EXERCISE AIM: The finished copy should hold every entry exactly as given, and no pictures.

TASK INPUTS:

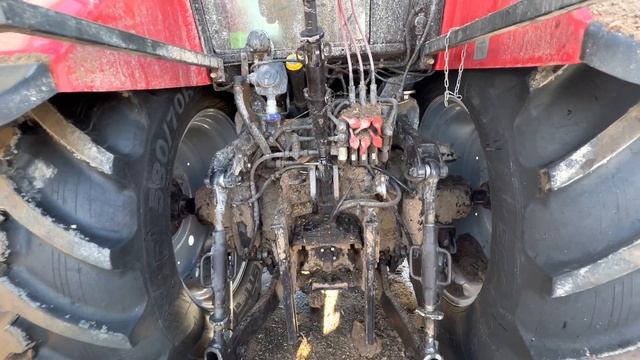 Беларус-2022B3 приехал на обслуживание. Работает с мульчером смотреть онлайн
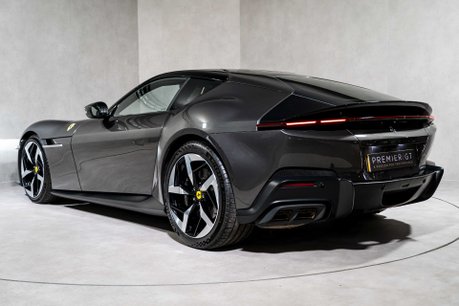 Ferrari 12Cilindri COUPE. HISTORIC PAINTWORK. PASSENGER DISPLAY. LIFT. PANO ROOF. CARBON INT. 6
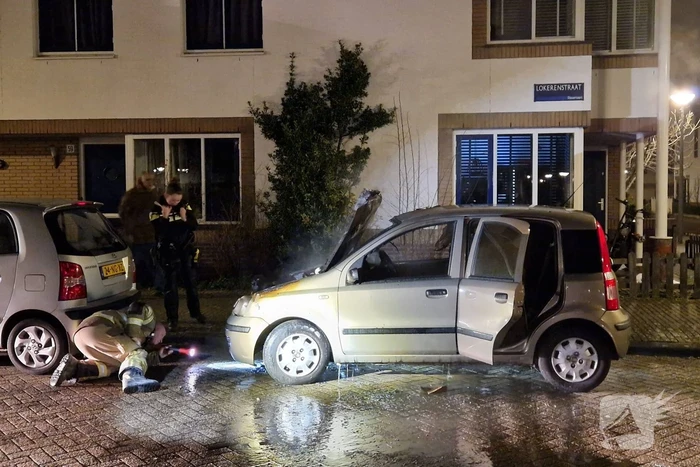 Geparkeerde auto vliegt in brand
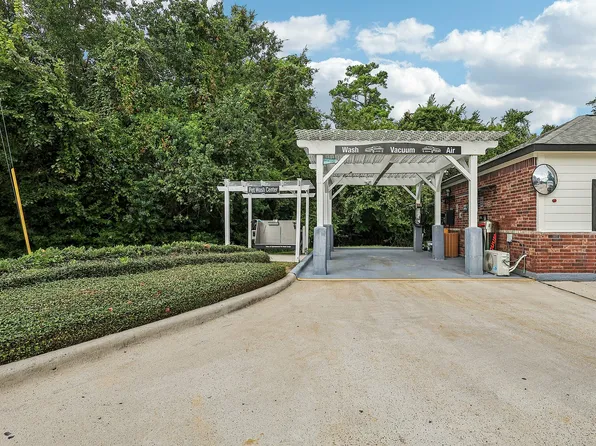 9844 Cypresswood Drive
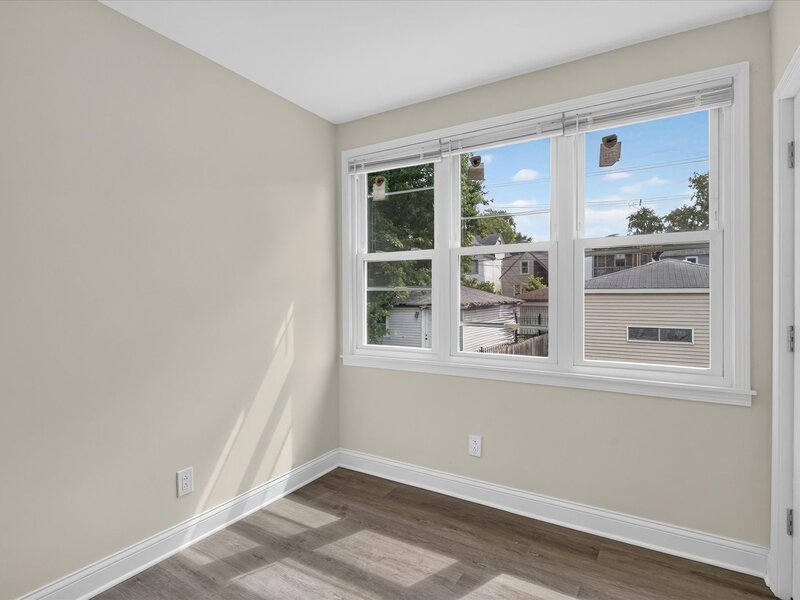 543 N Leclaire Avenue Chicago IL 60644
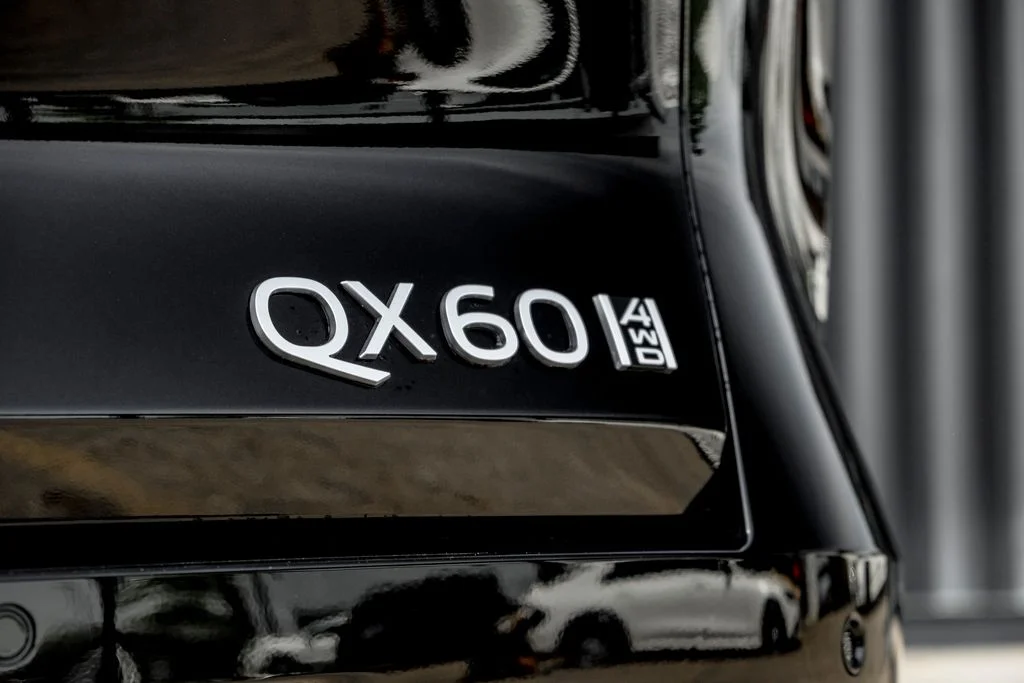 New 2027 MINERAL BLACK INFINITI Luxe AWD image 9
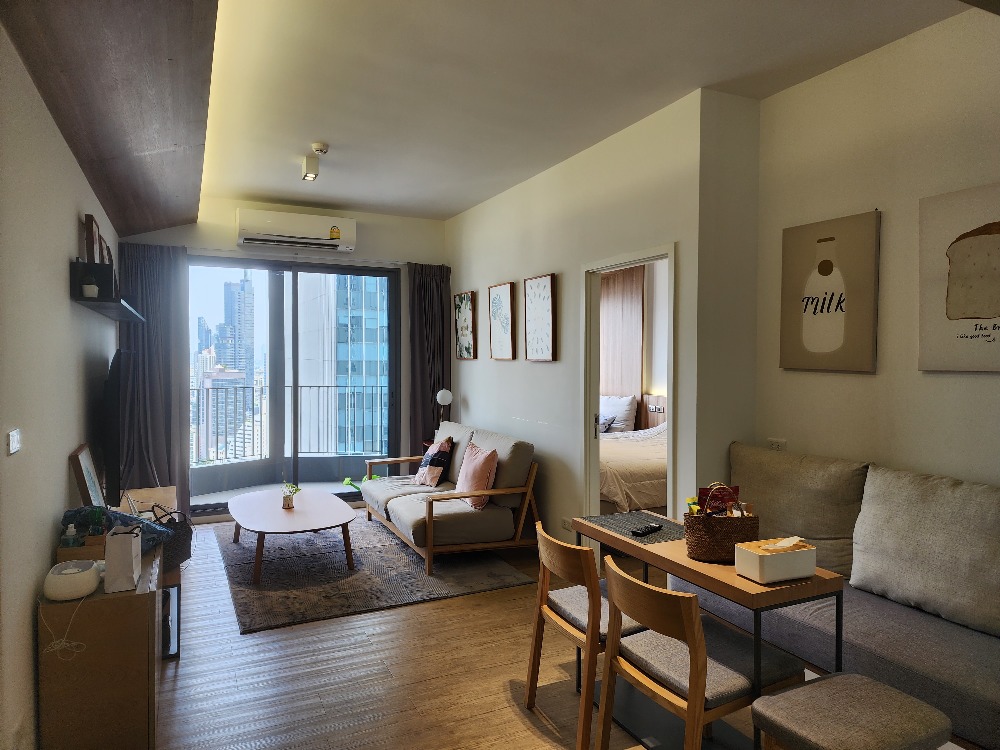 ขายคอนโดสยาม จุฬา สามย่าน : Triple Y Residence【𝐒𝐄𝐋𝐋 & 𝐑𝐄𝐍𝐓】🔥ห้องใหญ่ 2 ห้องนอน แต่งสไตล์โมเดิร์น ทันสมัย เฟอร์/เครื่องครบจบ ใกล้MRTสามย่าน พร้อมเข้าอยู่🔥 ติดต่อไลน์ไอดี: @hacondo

FINISHED EXERCISE:
 Беларус-2022B3 приехал на обслуживание. Работает с мульчером смотреть онлайн
 Ferrari 12Cilindri COUPE. HISTORIC PAINTWORK. PASSENGER DISPLAY. LIFT. PANO ROOF. CARBON INT. 6
 Geparkeerde auto vliegt in brand
 9844 Cypresswood Drive
 543 N Leclaire Avenue Chicago IL 60644
 New 2027 MINERAL BLACK INFINITI Luxe AWD image 9
 ขายคอนโดสยาม จุฬา สามย่าน : Triple Y Residence【𝐒𝐄𝐋𝐋 & 𝐑𝐄𝐍𝐓】🔥ห้องใหญ่ 2 ห้องนอน แต่งสไตล์โมเดิร์น ทันสมัย เฟอร์/เครื่องครบจบ ใกล้MRTสามย่าน พร้อมเข้าอยู่🔥 ติดต่อไลน์ไอดี: @hacondo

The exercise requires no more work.